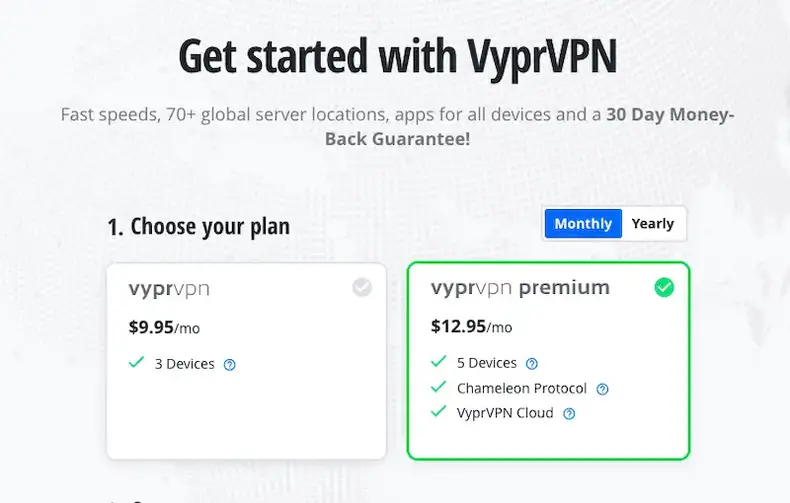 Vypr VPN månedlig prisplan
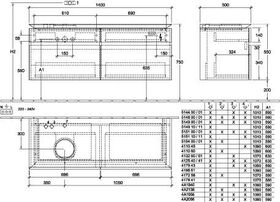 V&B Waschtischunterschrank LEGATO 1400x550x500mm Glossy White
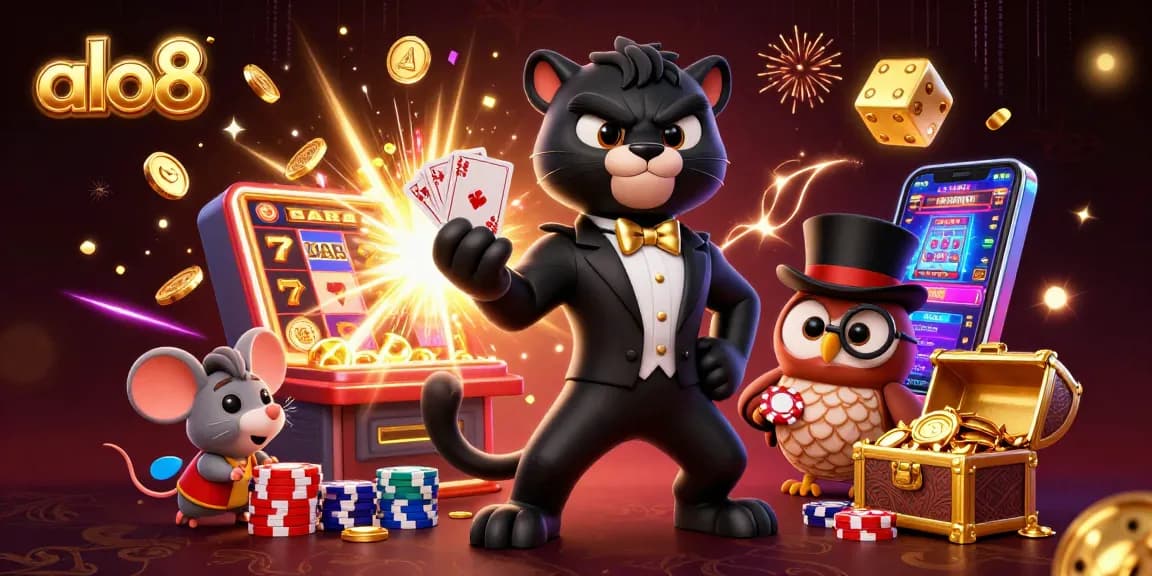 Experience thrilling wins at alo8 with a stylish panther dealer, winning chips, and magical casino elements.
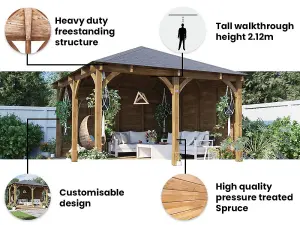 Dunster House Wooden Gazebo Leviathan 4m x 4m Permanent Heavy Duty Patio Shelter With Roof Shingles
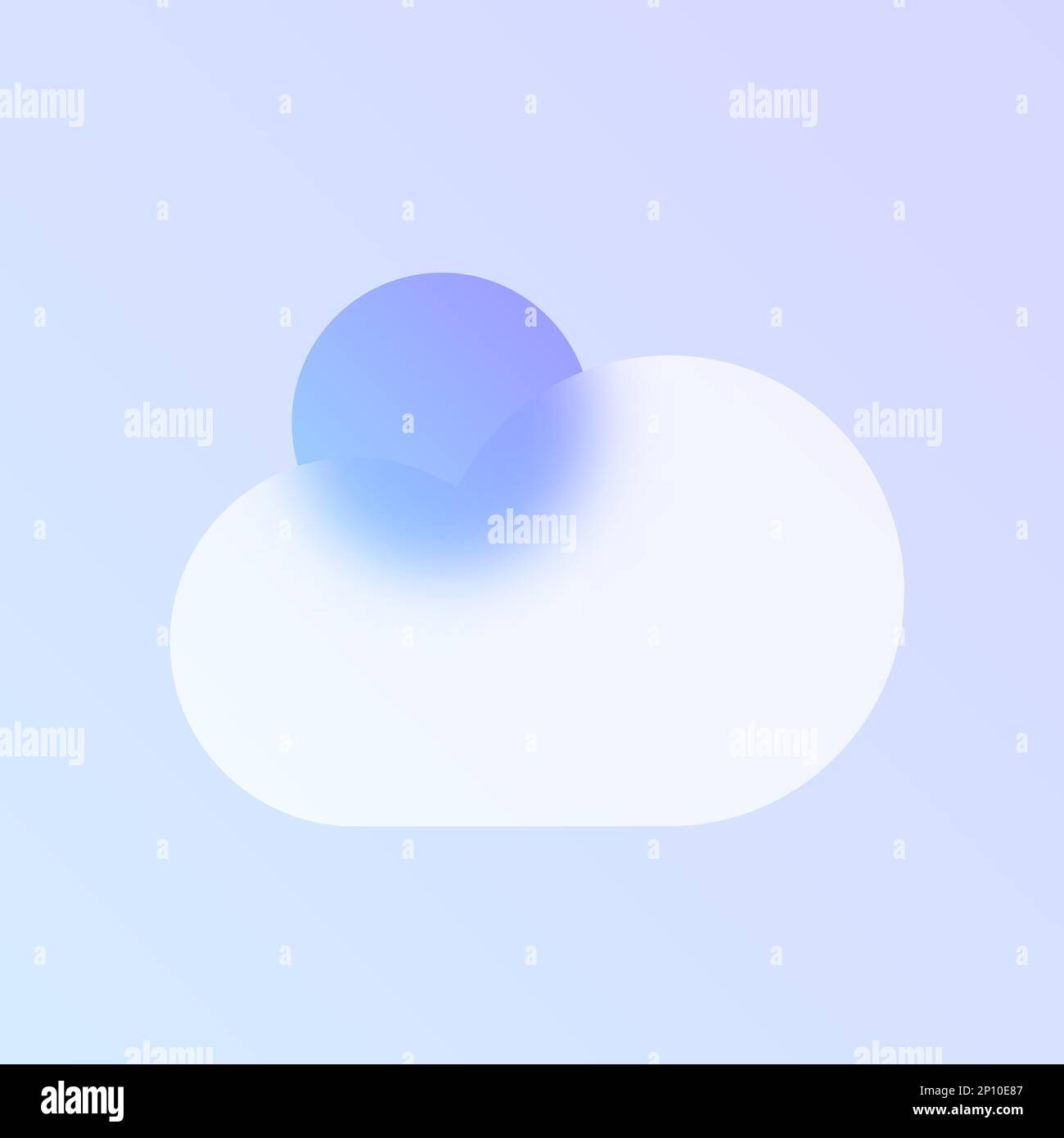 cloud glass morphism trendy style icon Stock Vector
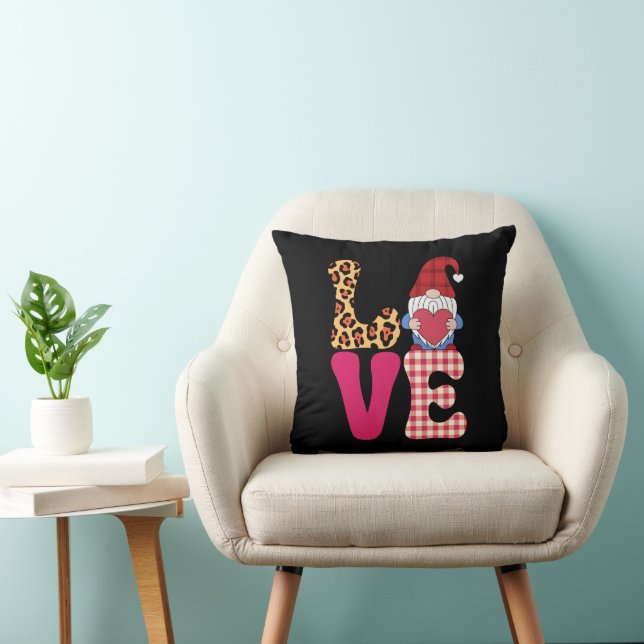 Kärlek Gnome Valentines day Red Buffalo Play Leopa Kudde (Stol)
════════════════════
**EXERCISE OBJECTIVE:** What you return must match each record exactly and contain no images.

**RESPONSE TO THIS TASK:**
 Vypr VPN månedlig prisplan
 V&B Waschtischunterschrank LEGATO 1400x550x500mm Glossy White
 Experience thrilling wins at alo8 with a stylish panther dealer, winning chips, and magical casino elements.
 Dunster House Wooden Gazebo Leviathan 4m x 4m Permanent Heavy Duty Patio Shelter With Roof Shingles
 cloud glass morphism trendy style icon Stock Vector
 Kärlek Gnome Valentines day Red Buffalo Play Leopa Kudde (Stol)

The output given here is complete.